Initial moisture information is of significance in high-resolution numerical weather prediction (NWP). To enhance the forecasting ability of kilometric-scale NWP systems, the performance of two moisture adjustment schemes (MASs) in a cloud analysis system were first investigated in the complex terrain. Subsequently, a three-step approach to reconstruct a suitable MAS for the local NWP was proposed. The effectiveness and ability of the reconstructed scheme were examined with a series of forecast experiments involving eight heavy rain cases and a one-month period in summer 2018. All experiments, with or without cloud analysis, were conducted using the GRAPES-Meso model with a resolution of 3 km and the operational setting pertaining to Northwest China. The eight heavy rain cases and the one-month period experiments demonstrated that the reconstructed MAS outperforms the MAS currently used in operational NWP, even in the complex terrain. The reconstructed MAS can achieve superior precipitation forecasts, with a high forecast accuracy for 2 m temperature and 10 m wind, especially for eight heavy rain cases.
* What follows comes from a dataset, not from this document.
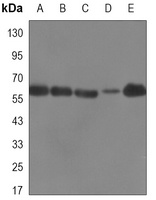 ATIC Mouse Monoclonal Antibody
Notably, the precipitation forecast performance is sensitive to the parameters in the moisture adjustment scheme. The performance of the reconstructed MAS for eight heavy rain cases is better than that for the one-month period experiments, likely because the data samples used to reconstruct MAS are extracted from the forecasts of one heavy rain case. The three-step reconstructed approach for the moisture adjustment scheme can be extended into other regional cloud analysis systems.